Since backbone of my ReID model is ResNet50 and the ReID dataset is Market1501, it's much easier and faster to get the results. I'll work on ReID project to trial the whole workflow first.

I'll contact you if I meet confusing bugs.

LorenzoSun-V commented 2 years ago

Hi @DehuaTang, I've tried to use new pruning&quantizing APIs to deploy my model and got the xmodel successfully. But there is loss of metrics on VCK5000 compared to on GPU. I use one_step pruning and QAT to get the xmodel. Here is my workflow.

My original ReID float model's metrics on Market1501 are: image

After searching subnets with sparsity=0.5 by one_step_pruner, I retrained the best subnet and its metrics are: image Even higher than my original pth.

Then I use QAT to deploy the slim model(modify and insert a lot of operators in model.py) and got metrics on GPU: image

However, I got lower metrics after I run generated xmodel to extract features of query and gallery images: image

The details of prototxt are: image The reid_param is due to this reply.

Do you have any ideas about the loss of metrics?

DehuaTang commented 2 years ago

I think it's the difference in the implementation of pre - post processing between python and c++ code that causes this problem. You can check it !

LorenzoSun-V commented 2 years ago

Hi, @DehuaTang .

I've used the offical released reid xmodel and slim model with sparsity=0.5. I compiled the xmodel and extracted the last bn params into the prototxt. And I test it by my c++ code and use python code to evaluate the metrics, got: image Which are the same as released README: image

This means my pre-post processing code should be correct. Here is my QAT code: image

Does this can export correct xmodel?

DehuaTang commented 2 years ago
    deployable_model = qat_processor.deployable_model(config.QAT_OUTPUT_DIR, used_for_xmodel=True)
    tmp_input = torch.randn([1, 3, 128, 256], dtype=torch.float32)
    tmp_output = deployable_model(tmp_input)
    qat_processor.export_xmodel(config.QAT_OUTPUT_DIR, deploy_check=True)

Try this !

LorenzoSun-V commented 2 years ago
    deployable_model = qat_processor.deployable_model(config.QAT_OUTPUT_DIR, used_for_xmodel=True)
    tmp_input = torch.randn([1, 3, 128, 256], dtype=torch.float32)
    tmp_output = deployable_model(tmp_input)
    qat_processor.export_xmodel(config.QAT_OUTPUT_DIR, deploy_check=True)

Try this !

Maybe tmp_input = torch.randn([1, 3, 128, 256], dtype=torch.float32) shoule be tmp_input = torch.randn([1, 3, 256, 128], dtype=torch.float32) ?
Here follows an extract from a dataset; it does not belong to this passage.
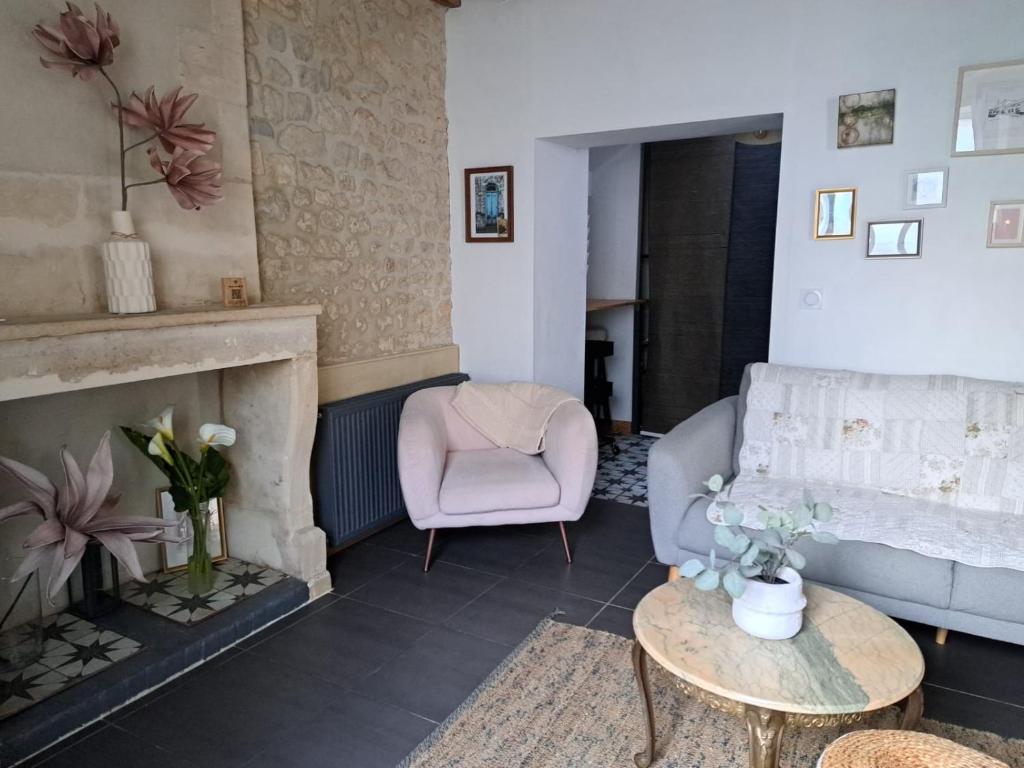 - un salon avec une cheminée et une chaise dans l'établissement La petite bajocasse, à Bayeux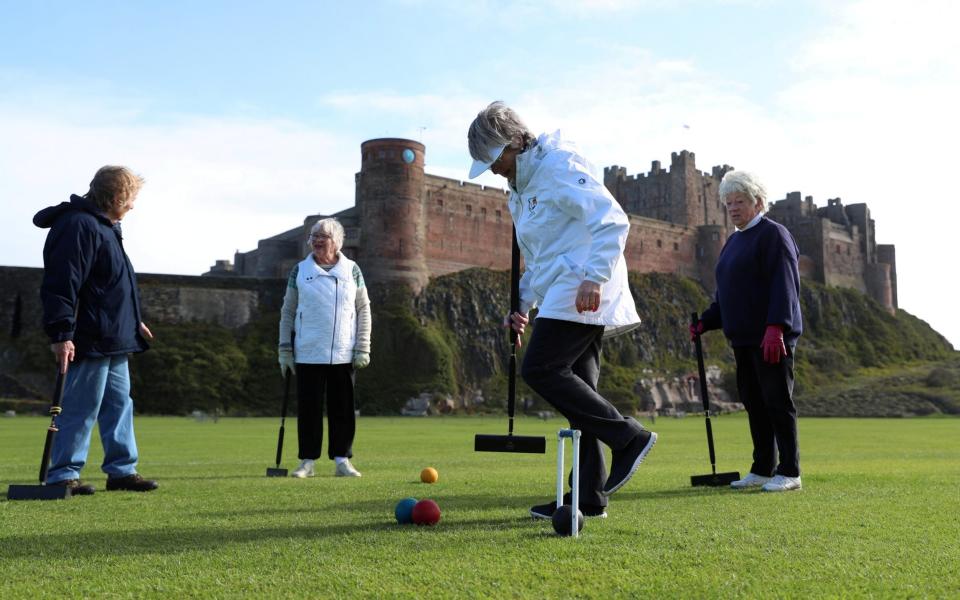 Members of the Bamburgh Croquet club play a game following the easing of Covid-19 restrictions - REUTERS/Lee Smith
DehuaTang commented 2 years ago

Here is just an example, actually depends on your needs

LorenzoSun-V commented 2 years ago

Thanks, I'll try this. :full_moon_with_face:

LorenzoSun-V commented 2 years ago

I'm here again. :sweat_smile:

I've tried the code above, and it didn't work. But an idea just occurred into my mind: the bn_params in the prototxt are used to load the sole bn layer params during post processing, but I've trained the model by QAT which means the params of that sole bn layer have been changed. So I extract the sole bn params in deployable.pth(export by QAT) and replace it into prototxt, got: image

The metrics are better than before, but still has a little loss compared to those on GPU. I'll try to debug it sometime, but now it seems to be OK. Thanks @DehuaTang .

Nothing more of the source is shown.